▸ **What you have to do**
Every entry in the listing below is to be output unchanged.

+===+

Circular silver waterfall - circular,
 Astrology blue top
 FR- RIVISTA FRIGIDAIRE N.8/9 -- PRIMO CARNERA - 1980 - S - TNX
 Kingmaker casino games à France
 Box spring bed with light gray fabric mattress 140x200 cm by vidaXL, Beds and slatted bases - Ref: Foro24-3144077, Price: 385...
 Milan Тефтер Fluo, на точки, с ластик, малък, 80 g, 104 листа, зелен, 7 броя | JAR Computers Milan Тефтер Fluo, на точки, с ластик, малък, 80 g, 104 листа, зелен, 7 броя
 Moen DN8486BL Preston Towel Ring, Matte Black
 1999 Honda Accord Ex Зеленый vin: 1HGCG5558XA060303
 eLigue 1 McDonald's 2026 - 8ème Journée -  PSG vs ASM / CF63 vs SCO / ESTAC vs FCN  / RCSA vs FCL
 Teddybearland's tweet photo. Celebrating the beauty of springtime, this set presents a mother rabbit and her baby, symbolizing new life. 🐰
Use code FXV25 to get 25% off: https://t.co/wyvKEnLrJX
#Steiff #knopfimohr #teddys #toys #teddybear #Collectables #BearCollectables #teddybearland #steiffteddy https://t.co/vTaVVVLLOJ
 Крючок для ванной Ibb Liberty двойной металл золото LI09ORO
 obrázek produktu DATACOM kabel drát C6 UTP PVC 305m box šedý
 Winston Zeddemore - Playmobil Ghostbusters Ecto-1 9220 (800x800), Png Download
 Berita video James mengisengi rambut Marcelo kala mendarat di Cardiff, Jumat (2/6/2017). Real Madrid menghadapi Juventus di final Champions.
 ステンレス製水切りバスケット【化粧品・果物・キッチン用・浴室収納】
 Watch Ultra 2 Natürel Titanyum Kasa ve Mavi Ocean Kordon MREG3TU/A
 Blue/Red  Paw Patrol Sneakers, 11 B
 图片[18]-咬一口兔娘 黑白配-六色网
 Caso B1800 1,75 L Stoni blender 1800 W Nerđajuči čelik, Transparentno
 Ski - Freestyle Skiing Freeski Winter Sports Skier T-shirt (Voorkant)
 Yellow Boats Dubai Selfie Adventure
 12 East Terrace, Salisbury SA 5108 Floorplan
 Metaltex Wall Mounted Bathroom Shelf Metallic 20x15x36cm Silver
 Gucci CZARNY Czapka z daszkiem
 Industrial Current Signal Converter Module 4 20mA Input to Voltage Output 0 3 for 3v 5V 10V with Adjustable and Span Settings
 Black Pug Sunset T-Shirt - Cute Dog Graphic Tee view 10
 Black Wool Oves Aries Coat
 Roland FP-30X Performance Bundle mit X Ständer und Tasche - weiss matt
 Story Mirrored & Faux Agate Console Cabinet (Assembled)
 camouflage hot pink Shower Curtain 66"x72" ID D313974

+===+

▸ **Answer to the problem**
Circular silver waterfall - circular,
 Astrology blue top
 FR- RIVISTA FRIGIDAIRE N.8/9 -- PRIMO CARNERA - 1980 - S - TNX
 Kingmaker casino games à France
 Box spring bed with light gray fabric mattress 140x200 cm by vidaXL, Beds and slatted bases - Ref: Foro24-3144077, Price: 385...
 Milan Тефтер Fluo, на точки, с ластик, малък, 80 g, 104 листа, зелен, 7 броя | JAR Computers Milan Тефтер Fluo, на точки, с ластик, малък, 80 g, 104 листа, зелен, 7 броя
 Moen DN8486BL Preston Towel Ring, Matte Black
 1999 Honda Accord Ex Зеленый vin: 1HGCG5558XA060303
 eLigue 1 McDonald's 2026 - 8ème Journée -  PSG vs ASM / CF63 vs SCO / ESTAC vs FCN  / RCSA vs FCL
 Teddybearland's tweet photo. Celebrating the beauty of springtime, this set presents a mother rabbit and her baby, symbolizing new life. 🐰
Use code FXV25 to get 25% off: https://t.co/wyvKEnLrJX
#Steiff #knopfimohr #teddys #toys #teddybear #Collectables #BearCollectables #teddybearland #steiffteddy https://t.co/vTaVVVLLOJ
 Крючок для ванной Ibb Liberty двойной металл золото LI09ORO
 obrázek produktu DATACOM kabel drát C6 UTP PVC 305m box šedý
 Winston Zeddemore - Playmobil Ghostbusters Ecto-1 9220 (800x800), Png Download
 Berita video James mengisengi rambut Marcelo kala mendarat di Cardiff, Jumat (2/6/2017). Real Madrid menghadapi Juventus di final Champions.
 ステンレス製水切りバスケット【化粧品・果物・キッチン用・浴室収納】
 Watch Ultra 2 Natürel Titanyum Kasa ve Mavi Ocean Kordon MREG3TU/A
 Blue/Red  Paw Patrol Sneakers, 11 B
 图片[18]-咬一口兔娘 黑白配-六色网
 Caso B1800 1,75 L Stoni blender 1800 W Nerđajuči čelik, Transparentno
 Ski - Freestyle Skiing Freeski Winter Sports Skier T-shirt (Voorkant)
 Yellow Boats Dubai Selfie Adventure
 12 East Terrace, Salisbury SA 5108 Floorplan
 Metaltex Wall Mounted Bathroom Shelf Metallic 20x15x36cm Silver
 Gucci CZARNY Czapka z daszkiem
 Industrial Current Signal Converter Module 4 20mA Input to Voltage Output 0 3 for 3v 5V 10V with Adjustable and Span Settings
 Black Pug Sunset T-Shirt - Cute Dog Graphic Tee view 10
 Black Wool Oves Aries Coat
 Roland FP-30X Performance Bundle mit X Ständer und Tasche - weiss matt
 Story Mirrored & Faux Agate Console Cabinet (Assembled)
 camouflage hot pink Shower Curtain 66"x72" ID D313974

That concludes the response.